Короче говоря, после похорон я приехал в Москву и поступил в Школу-студию МХАТ. А там существовала такая система: те, кто заканчивают Школу, несмотря на не вероятную загруженность (у них в это время непрерывно идут дипломные спектакли, госэкзамены; всякая суета по поводу будущего трудоустройства); абсолютно все бегали в приемную комиссию, чтобы увидеть «кто пришел за мной?». Кто будет следующим набором у их педагогов? Они болели за нас, за тех, кого любили. По-моему, Володя полюбил меня: наверное, видел где-нибудь на первой консультации.
Помнится, на консультации он подсел ко мне, пытался чем-нибудь помочь и пристально следил за всем, что я делал. Пожалуй, таким и было наше первое знакомство.
Правда, я его знал и до этого! Я сразу посмотрел все дипломные спектакли выпускного курса студии. Видел Володю и в роли Бубнова («На дне»), и Папеньки в Чеховской «Свадьбе». Только «Золотого мальчика» не видел, Высоцкий там был помощником режиссера и играл какую-то ерунду. А главной его работой стал Бубнов, двадцатилетний Володя играл его так, что с ума сойти можно было!.. Это тоже было началом знакомства.
После окончания Школы-студии Володя поступил в Театр имени Пушкина, а у меня началась учеба на первом курсе. Общались: он заходил ко мне, я бывал у него на улице Телевидения.
Потом мы попытались затеять свой театр – новый театр на базе клуба имени Дзержинского. Встречались там, репетировали.
Пять лет разницы в возрасте не сказывались на наших с Володей отношениях, не замечались нами.
— Вот это и удивительно. Обычно в таком возрасте пять лет – это почти целое поколение... — замечает собеседник.
— Не хочу сказать, что стал его главным товарищем, но мы очень во многом совпадали. Потом, уже в последующие годы, выяснилось, что Козероги и Водолеи могут очень хорошо дружить. Правда, Водолеями у меня были все жены, и оказалось, что жить и дружить – это не одно и то же. Только последняя жена у меня Козерог, вот уж сколько лет мы с ней лбами-рогами бьемся.
С Володей мы встретились – и я полюбил его сразу. Он тогда еще не писал песен, я познакомился с ним те как с известным бардом или певцом, а как с Володей – замечательным, удивительным актером, перед которым преклонялся. С самого начала сложилось так, что мы никогда друг перед другом не качали права. Не было выяснения отношений: кто главный, кто не главный. Иногда – чаще – главным был Володя, иногда – я. Говорил: «Володя, ну нельзя же так! Возьми себя в руки, сократись!..» — и все такое прочее.

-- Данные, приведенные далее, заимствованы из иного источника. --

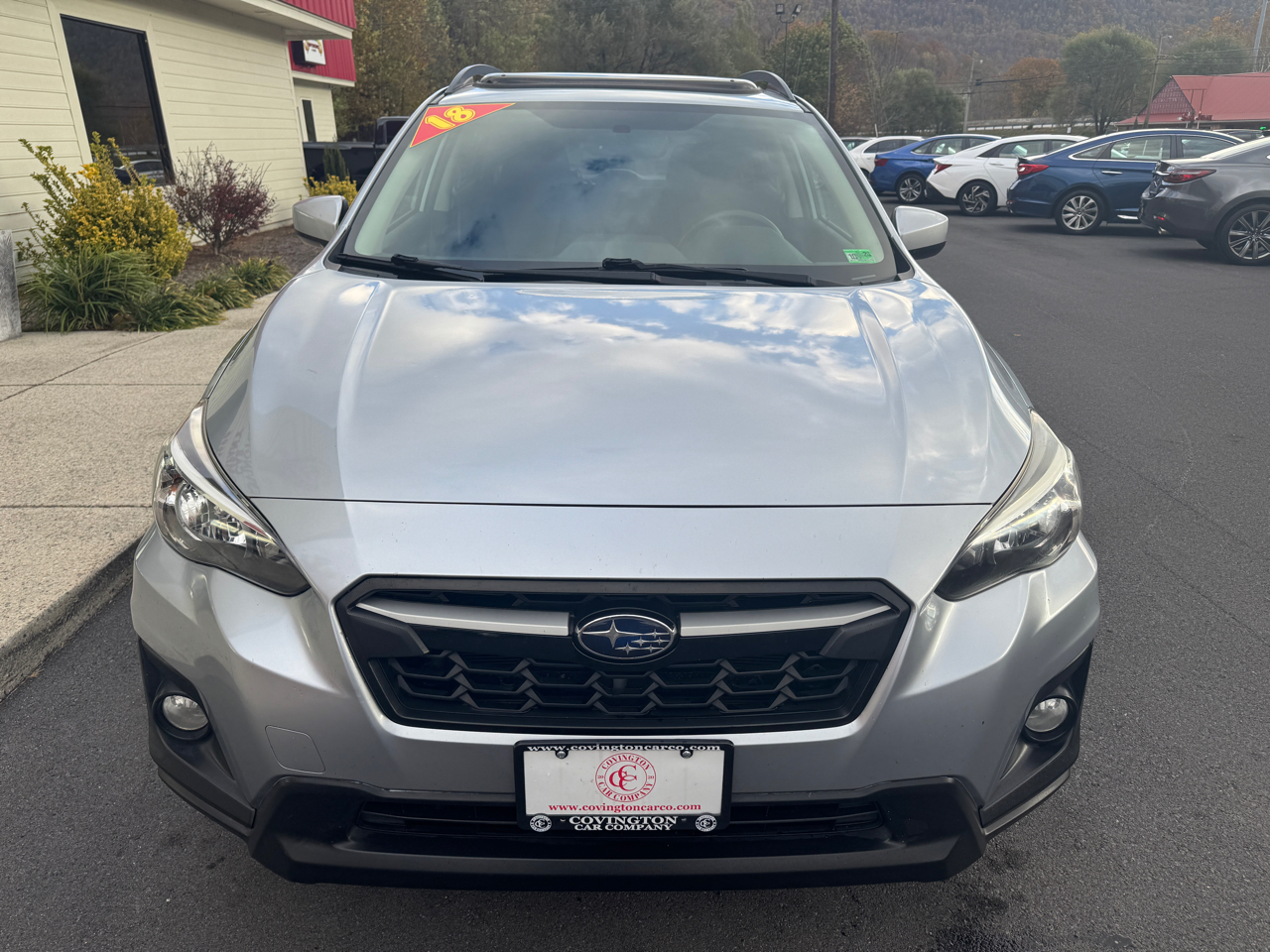 Subaru Crosstrek 2.0i Premium CVT 2018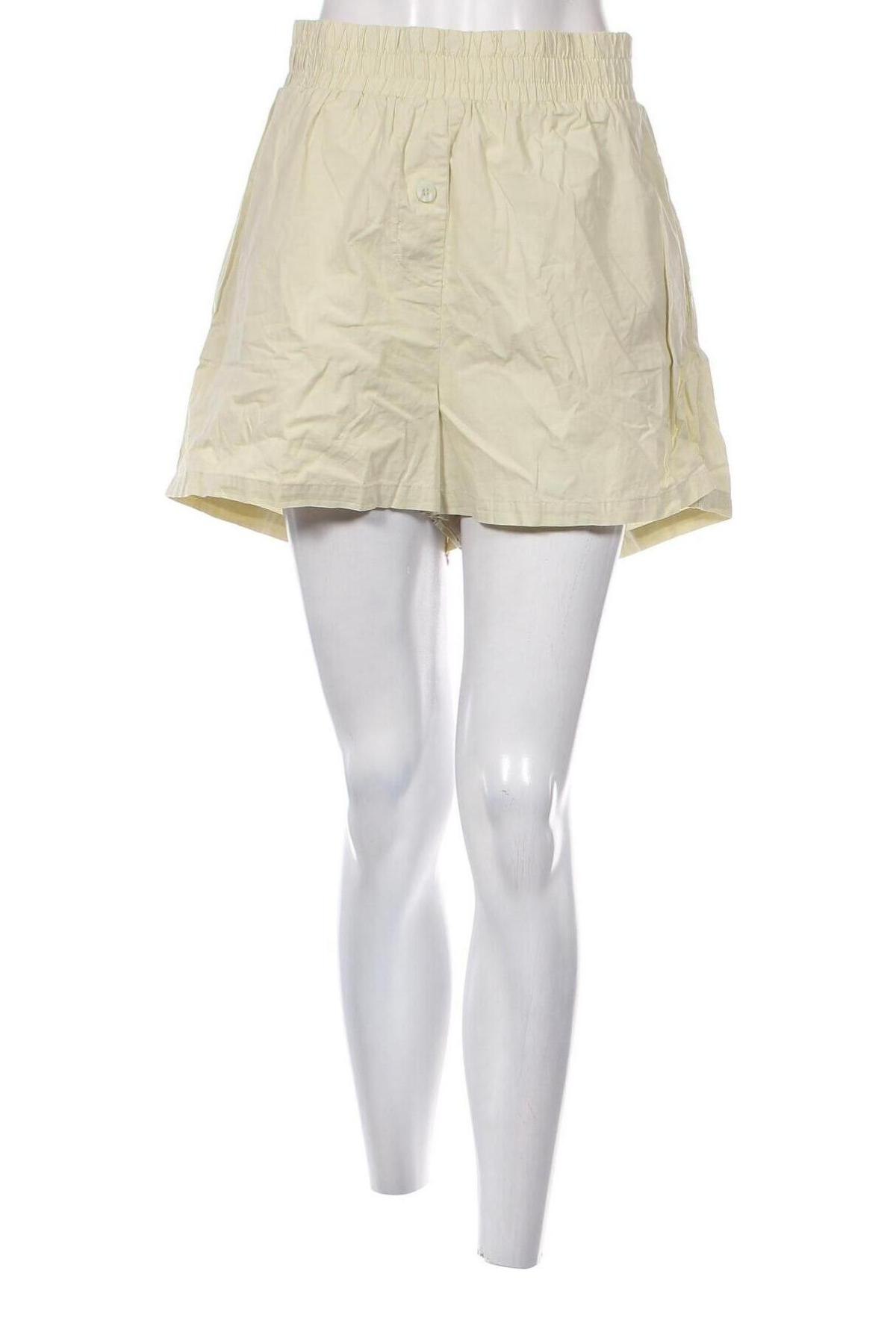 Pantaloni scurți de femei Cotton On, Mărime L, Culoare Verde, Preț 34,67 Lei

Помнишь, я показывал записку, которую Володя мне оставил году в 1962-м? Повод был такой. В это время у Володи был не самый легкий период жизни, и в наших разговорах постоянно звучала ненавистная мне тема: «Володя, нельзя так пить, пора одуматься и хорошо себя вести...» Как-то раз ложусь спать и с трудом различаю звонок в дверь. Открываю – стоит Володя. Побитый, несчастный. Где-то в районе сада «Эрмитаж» его сильно отметелили. Я уложил его спать, сел рядом в кресло и потом – не помню, сколько часов – говорил, читал ему нравоучения. Он сквозь сон поддакивал. Потом мы заснули: я в кресле, он на постели.
Утром я убежал в Школу-студию, а когда вернулся, Володи не было – ушел на репетицию в театр и оставил мне записку. Там, кажется, было написано что-то такое: «Ты самый близкий мне человек... Я не предполагал, что друг может быть так необходим...» и т.д.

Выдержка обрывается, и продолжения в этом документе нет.